‘Golden Week’ comes and goes as Japan visitors face COVID hurdles when traveling to Hawaii
HONOLULU, Hawaii (HawaiiNewsNow) - More and more visitors are starting to return to the islands and the sidewalks of Kalakaua Avenue in Waikiki. And at this time of year, more of them would be from Japan.
But, there are still very few Japanese visitors, despite the recent Golden Week holiday.
Golden Week is a time in Japan when a group of holidays converge, which Japanese workers use as a spring break of sorts in order to travel without having to use as much vacation time.
During this time, many of those workers head to Hawaii.
Japan tops the list of international visitors to the islands. In 2019, there were 1.5 million of them. They also typically splurge here, each of them spending $250 per person, per day.

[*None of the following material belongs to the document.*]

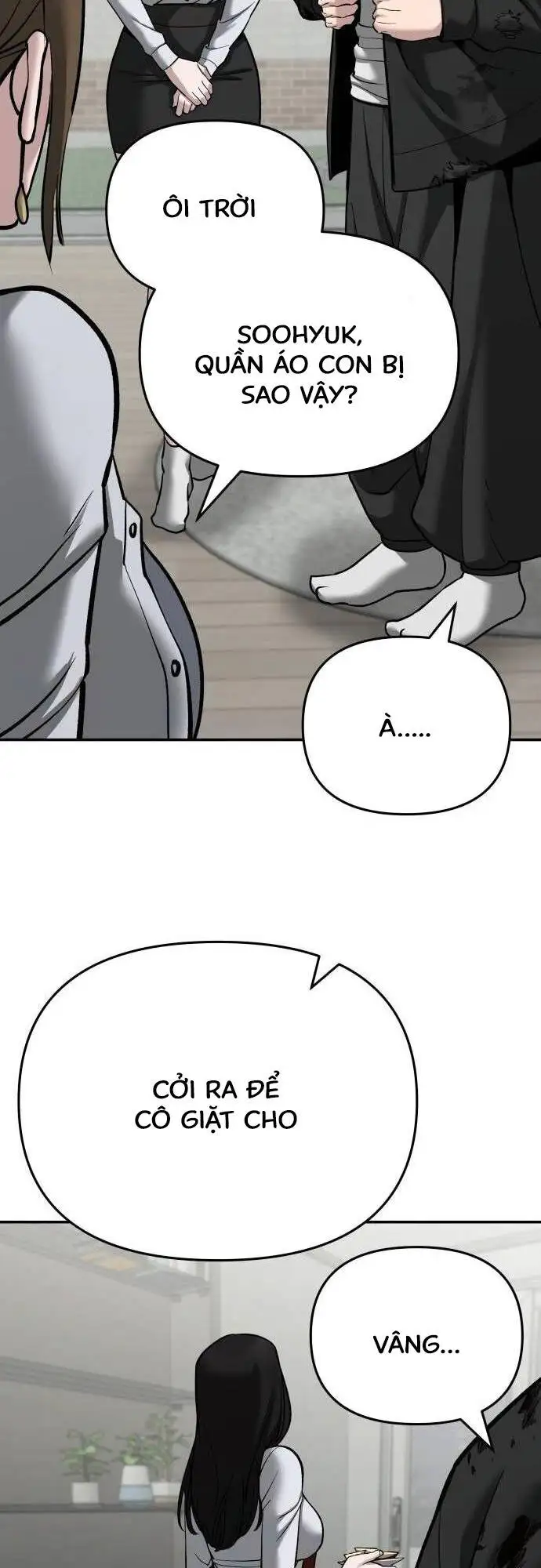 Truyện Tranh Giang Hồ Thực Thi Công Lý trang 7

This year, just getting to Hawaii proves to be much more expensive and difficult.
“I think there’s many obstacles,” said Jerry Agrusa, a professor at the University of Hawaii’s School of Travel Industry Management. “The big obstacle is the testing and their lack of having the vaccines over there. They just don’t have it available there like we have here.”
More than a third of the U.S. population is now fully vaccinated, but in Japan, fewer than 3% of people have had their first shot.
Not only is the country far behind on vaccinations. The COVID test to fly to Hawaii is about $300 or more.
That’s just one of the reasons local entertainer and television producer, Pali Kaaihue, stopped his monthly visits to Japan when the pandemic began.
Another obstacle is the mandatory quarantine for anyone returning to the country.
“There are folks that come here from Japan, but again they have to have the time to take off when they return for two weeks,” said Kaaihue.
And there’s another factor: “The big thing they’re worried about is the Olympics,” said Agrusa. “They can’t have an outbreak before the Olympics.”
The summer games are tentatively scheduled for July, but with no fans. And, there’s still an open debate on whether to postpone the games again.
“They’re doing these types of lockdowns in Osaka and Tokyo to battle rising numbers, but also to keep under control the amount of potential exposure, because they’ll want the games to go off without a hitch,” Kaaihue said.
He and other tour guides say trips between both countries are booked as travelers anxiously await the end of the lockdowns and restrictions.
The Honolulu Marathon remains the number one attraction for Japanese tourists. Organizers are hoping the COVID threat is low enough for a big turnout in December.